The poet Osip Mandelstam and his wife, the writer Nadezhda, were arrested in the early 1930s and sent to one of the USSR’s internal exiles. Then, in 1938, Osip was arrested again and sentenced to five years of hard labor in the Far East. That same year, he died while being transported to a Gulag near Vladivostok.
The playwright Vsevolod Meyerhold, who had previously joined the Bolsheviks, had his theater closed down. In 1939, a year after his wife the actress Zinaida Reich was assassinated, he was arrested, tortured, and executed.
The poet and novelist Boris Pasternak, who had been on the side of the revolution, had his critical poems banned as Stalin consolidated power, which rendered them elicit material. In 1949, his wife Olga was arrested for having some of his old writings in her possession, disappearing without a trace.
The poet Anna Akhmatova was exiled to Tashkent, Uzbekistan. Andrei Zhdanov, the highest cultural official in the country and a “sensitive piano player,” called her work “poetry written by a beautiful lady who swings between the brothel and the church.” Akhmatova was nominated for the Nobel Prize twice, once in 1965 and another time in 1966.
The poet Mikhail Zoshchenko was also exiled, but to Almaty in Kazakhstan. He was condemned by Zhdanov in 1946 and lived the rest of his life in extreme poverty. His pension was not paid until a few months before his death.
Akhamatova and Zoshchenko were deprived of their rations of bread and other basic goods, and when Zoshchenko’s books were removed from libraries, the publication of Akhamatova’s books was also banned.
The writer, journalist, and playwright Isaac Babel was arrested in 1939 on false charges of terrorism and espionage, and he was executed in 1940.
The musician Dmitri Shostakovich was attacked by the press in 1936, and Stalin personally voiced his displeasure with the man’s work. Party circles also accused his art of formalism and claimed that the masses could not comprehend it.
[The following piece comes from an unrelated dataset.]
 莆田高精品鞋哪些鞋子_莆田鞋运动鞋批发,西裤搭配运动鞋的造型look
Shostakovich placed his music at the service of the state during World War II. After the war, however, his ‘formalism’ was denounced once again; this charge was also directed at many other artists whose music was considered cosmopolitan and influenced by the “bourgeois West.” Among these were Sergei Prokofiev and Aram Khachaturian, who were made to apologize publicly and had many of their works banned.
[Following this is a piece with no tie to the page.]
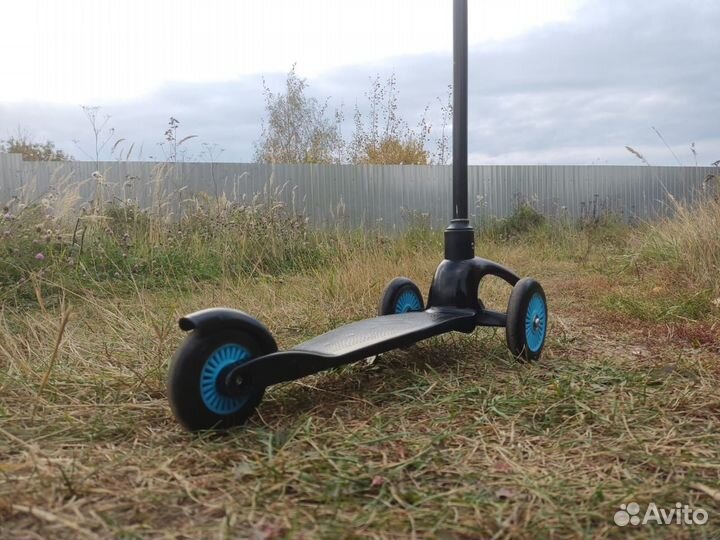 Самокат детский трехколесный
Stalin, who was also a theorist of history and language, crowned his crimes on August 12, 1952, with what became known as the “Night of the Murdered Poets:” 13 Jewish poets and writers were executed in the Lubyanka prison on charges of treason and espionage. Most of them were Communists and members of the ‘Jewish Anti-Fascist Committee,’ a lobby that had been established to garner the support of Jews around the world during Moscow’s war with Nazi Germany.
Intellectuals later benefited from the relative laxity seen under Khruchev. However, Stalinism was too robust to just disappear. Shostakovich was forced to join the Communist Party and put himself in the humiliating position of defending the policies of the regime.
Boris Pasternak’s famous novel “Doctor Zhivago” was smuggled out of the country and published in Italy in 1957. A year later, he was awarded the Nobel Prize for Literature but was made to choose between rejecting it and leaving the country for good. He chose to stay and not accept the award.
The poet Joseph Brodsky was expelled from the Soviet Union in 1972. He lived and taught in the United States and was awarded a Nobel Prize in 1987.
And so it goes, with the names of those who suffered after the intellectuals took power in 1917 continuing to pile up. Today, it is difficult to understand Vladimir Putin and “Wagner” without remembering the cumulative cultural cleansing that was seen in Russia during this period.